覚醒剤密輸の最新巧妙手口は「練り込み式」

2020年01月28日 16時00分

 覚醒剤密輸の最新巧妙手口は「練り込み式」だという。警視庁組織犯罪対策5課と静岡県警がこのほど摘発したのは、机の天板部分に覚醒剤を練り込み、アラブ首長国連邦(UAE)から日本に密輸しようとしたケースだった。

 麻薬特例法違反容疑で現行犯逮捕されたのは、静岡県三島市の指定暴力団、極東会系組員の山崎大揮容疑者(32)。昨年12月23日、ドバイから羽田空港に運ばれた荷物は机が2台。エックス線検査をすり抜け、発送を前に今月17日に東京税関が検査をした際、机の天板と脚を留めるネジ部分に粉末が付着していたため、調べると覚醒剤反応が出た。木目模様がある重さ各200キロの天板を調べると、覚醒剤が練り込まれていたという。

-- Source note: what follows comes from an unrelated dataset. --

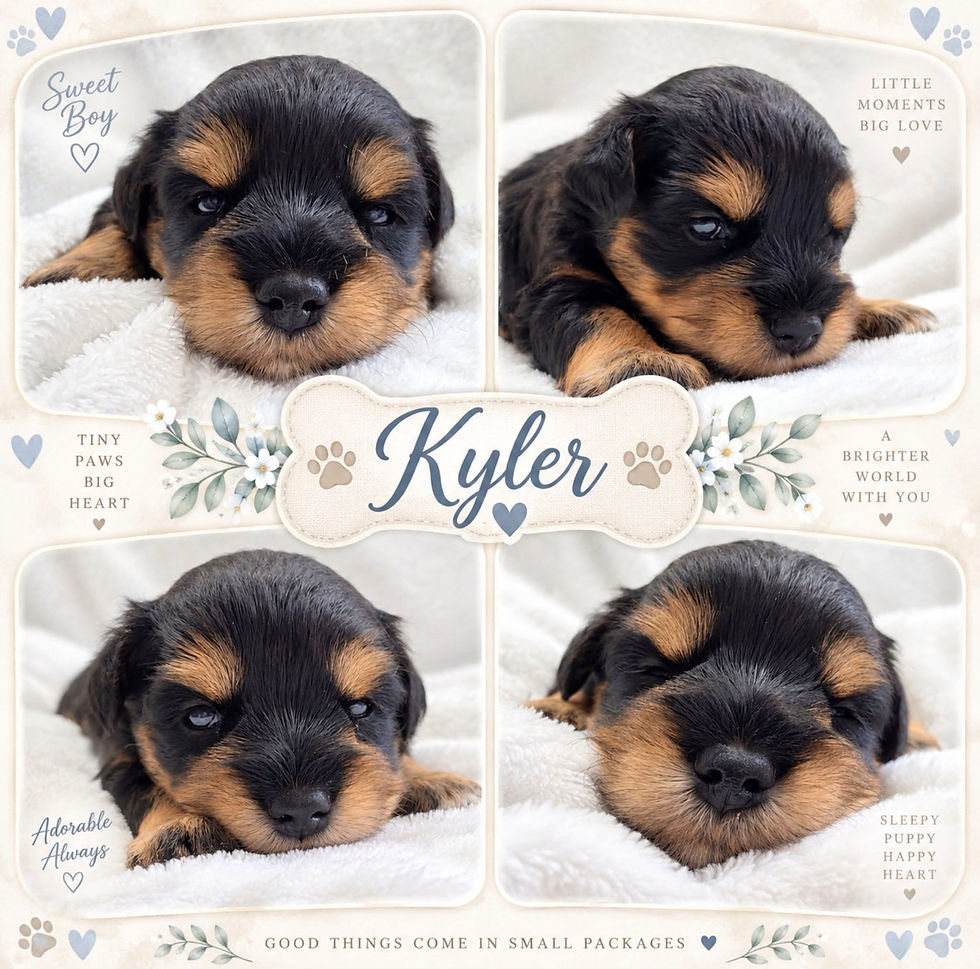 Kyler - Available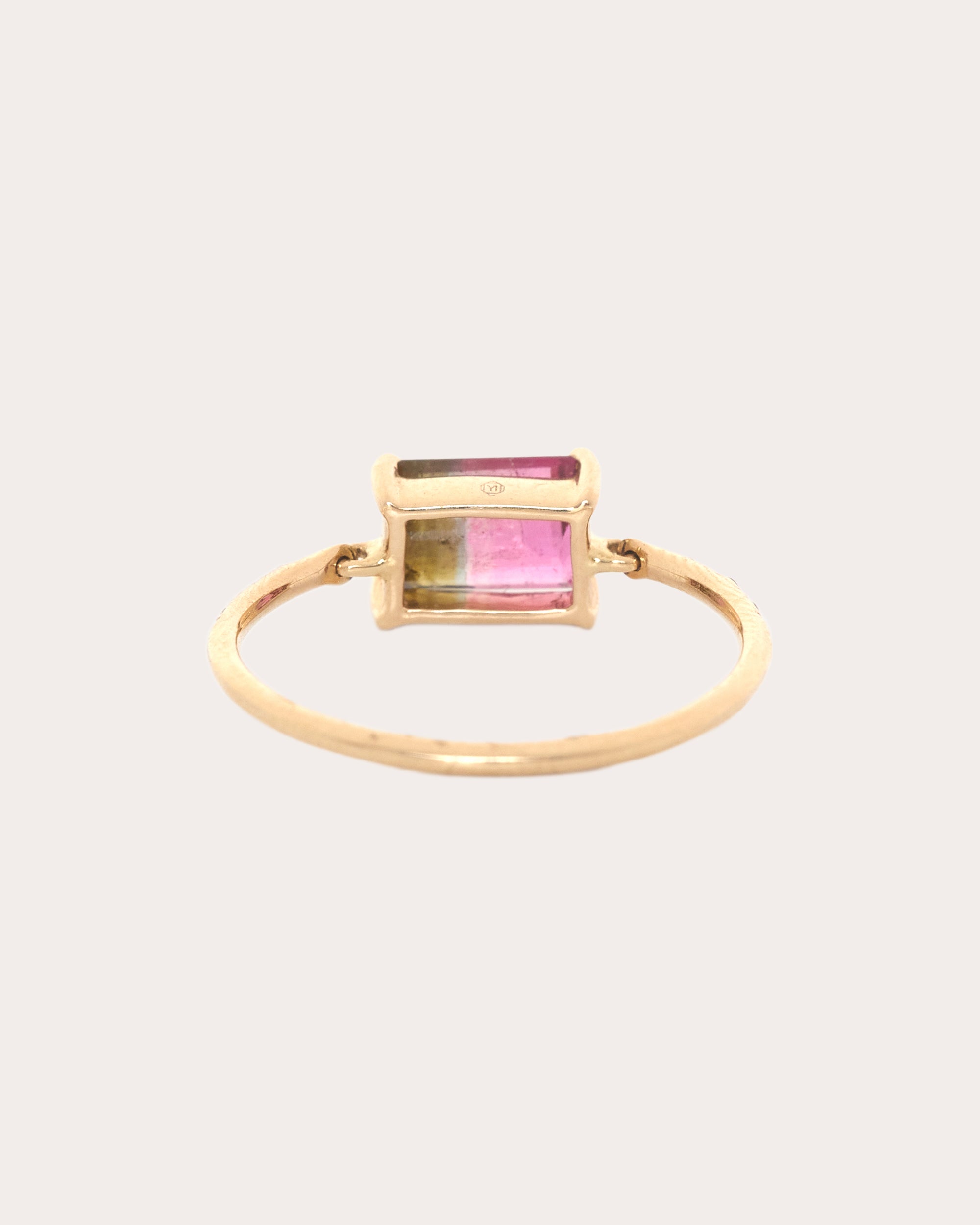 Diamond & Watermelon Tourmaline Petite Ring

 組対5課は、天板を別のものと入れ替え、配送する泳がせ捜査(コントロールド・デリバリー)の末、静岡・富士市の倉庫に運び込まれたのを確認。倉庫を所有する貨物運送会社役員、勝又護容疑者(32)も逮捕した。

 同様の手口は昨年6月、名古屋税関でも発見された。トルコからの郵便物から見つかったのは、女性用のハイヒールサンダル。かかと部分のプラスチック樹脂部分を分解すると、覚醒剤130グラムが検出された。

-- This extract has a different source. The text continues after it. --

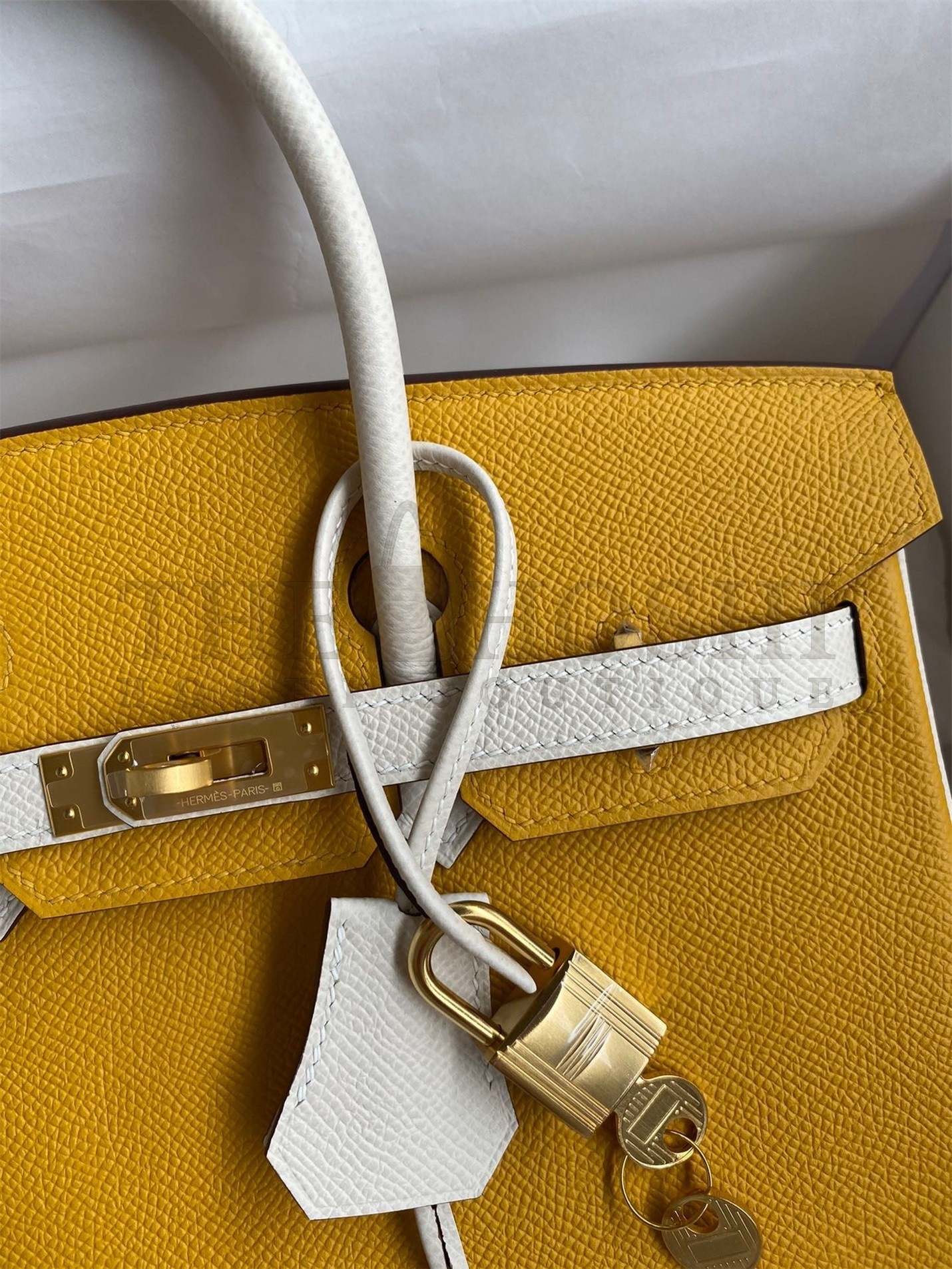 H**me5 HSS Birkin 25 Bicolor Bag in Jaune d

 こうした練り込み式の密輸が最新手口だというのは捜査関係者だ。

「他にもスーツケースの内側に覚醒剤を練り込んだ塗料でコーティングするケースもある。いずれも密輸した後、特殊な薬品を使って覚醒剤を抽出する。空港ではエックス線はすり抜けるが、覚醒剤を練り込むと異常に重たくなる特徴があるので、税関職員は重量に警戒するしかないともいわれています」

 背景には、日本への密輸が世界一もうかるという事情がある。

「日本国内の覚醒剤の末端価格は現在1グラム=6万円。韓国は同3万円、英国、ドイツ、台湾は同1万円、中国は同6000円。海外の密売人が一獲千金を求めて日本に密輸するのも分かるでしょう」と事情通はみている。